Navigating American policy on Syria has not been easy for the two defectors. While Mr. Obama declared that the Assad regime had lost the legitimacy to lead the nation and authorized a covert program to assist Syrian rebels, he was reluctant to take more direct action to compel the Syrian president to hand over power.

The Trump administration has neither spoken out forcefully on the Syria crisis nor promised fresh action, beyond a pledge to establish safe zones to try to stem the flow of Syrian refugees.

Mr. Trump indicated during the campaign that he has little interest in confronting Mr. Assad and has flirted with the idea of partnering with Russia, one of the Syrian government’s main backers, to press the military campaign against the Islamic State. At the same time, however, Mr. Trump’s vow to establish safe zones has given the defectors something of an opening.

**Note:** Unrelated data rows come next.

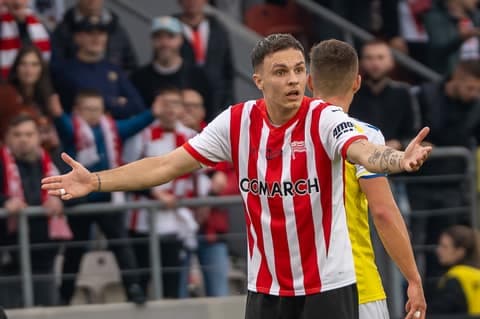Football. PKO BP Ekstraklasa. Cracovia Krakow - Motor Lublin. 26.10.2024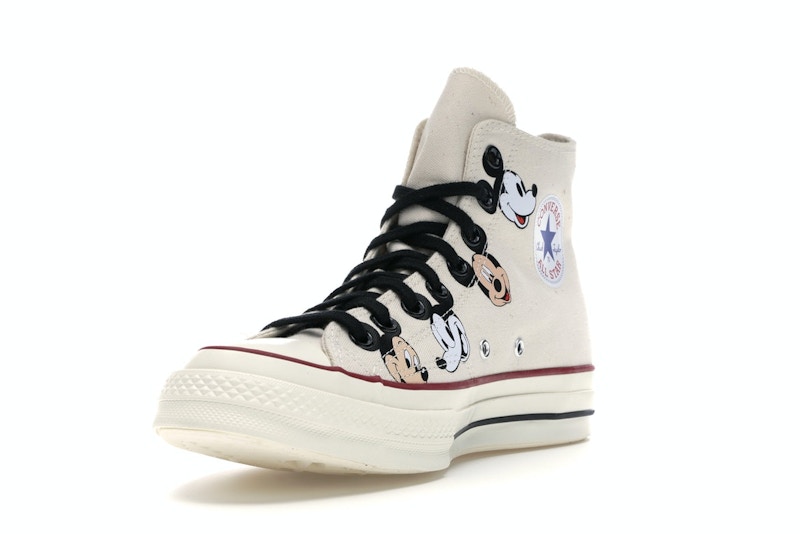 Converse Chuck Taylor All Star 70 Hi Kith x Disney Egret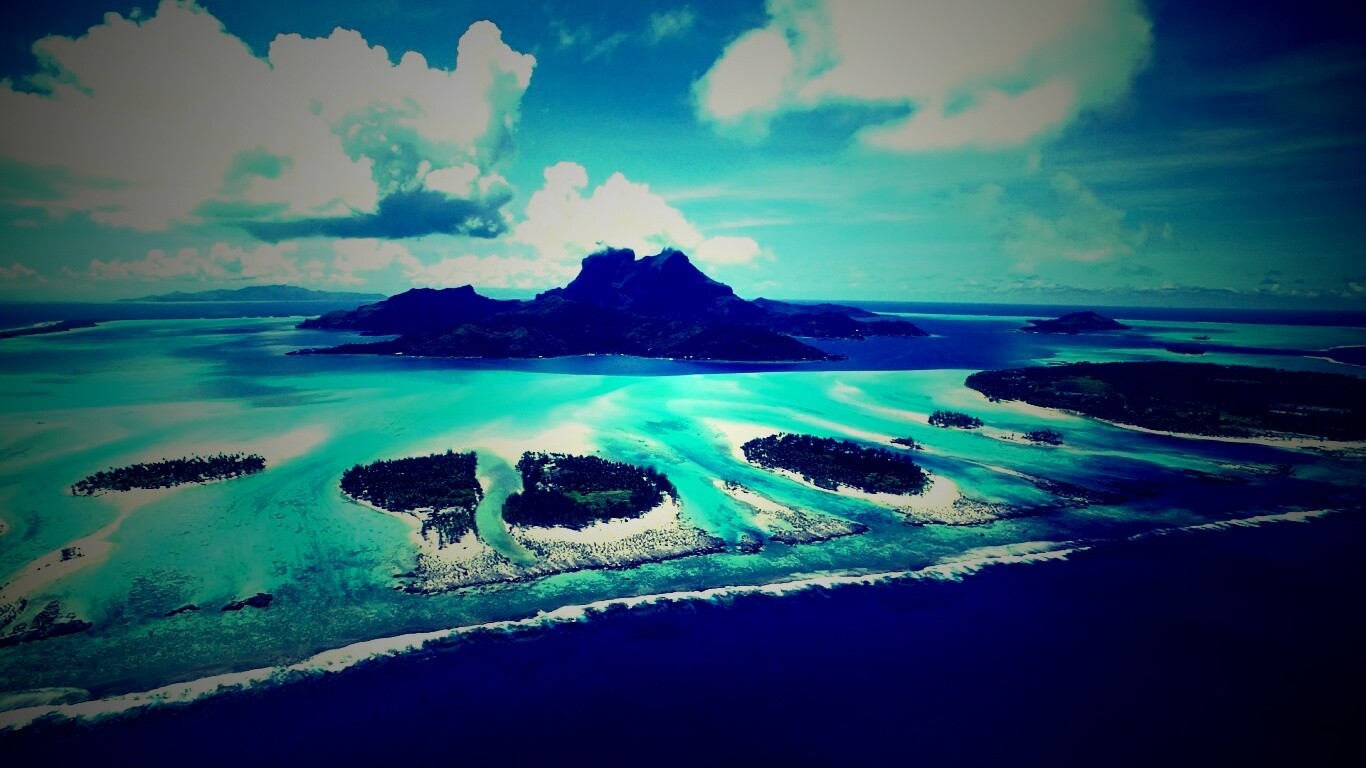 Острова обои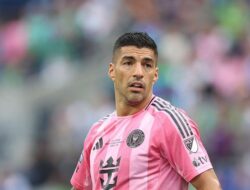 **Luis Suarez Dikabulkan Sanksi 6 Laga Setelah Aksi Pemicu Insiden di Final Leagues Cup 2025**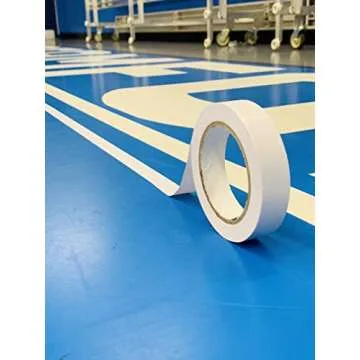 Coast Athletic 1" Gym Floor Tape for Clear Boundaries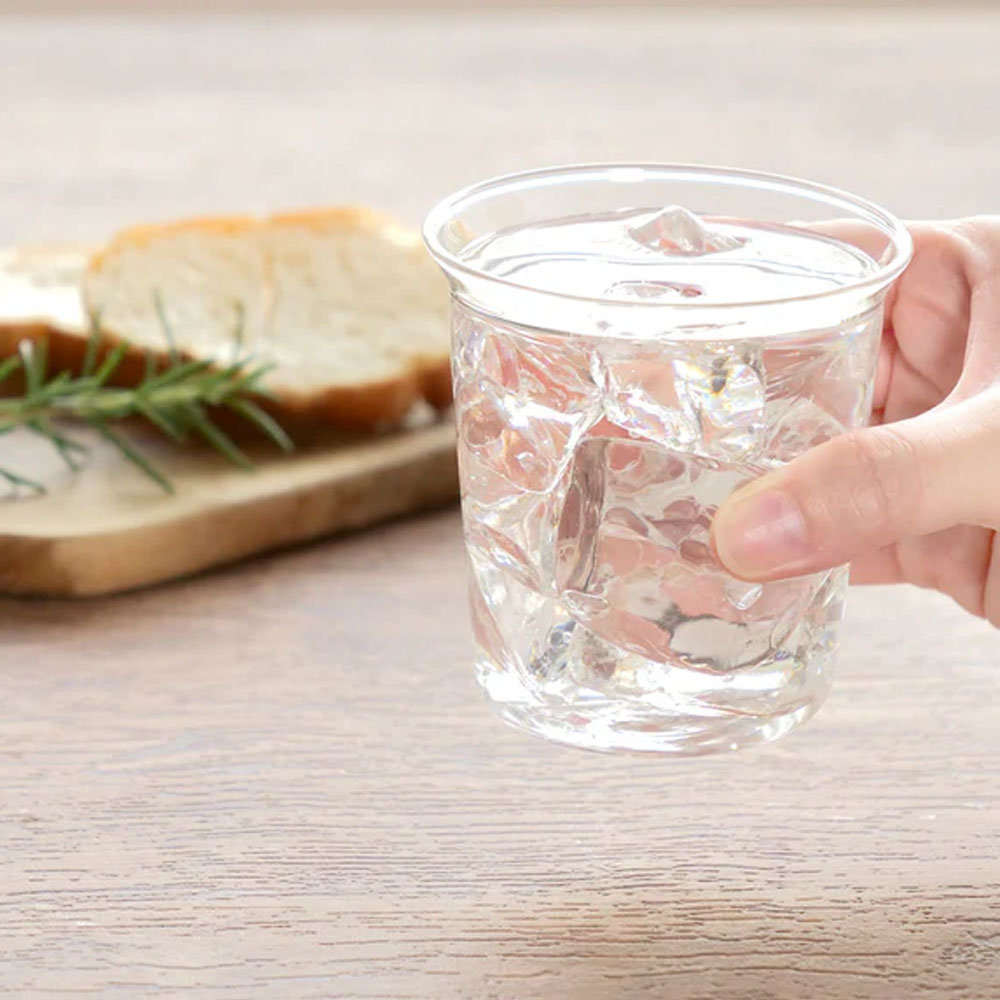 킨토 캐스트 드링크 워터 글라스 내열유리 음료잔 커피잔 250ml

Establishing safe zones in the northern and southern parts of the country would do much to mitigate the suffering of the Syrians who oppose Mr. Assad, Sami said.

American lawmakers, meanwhile, have been promoting legislation that would impose sanctions on anyone who provides financing or does business with the Assad government, which has also given the defectors a measure of hope. The legislation also calls for an assessment of how to set up safe zones or no-fly zones, and for an investigation of war crimes.

“The United States does not need to send troops,” Sami said. “It could sanction the Central Bank of Syria.”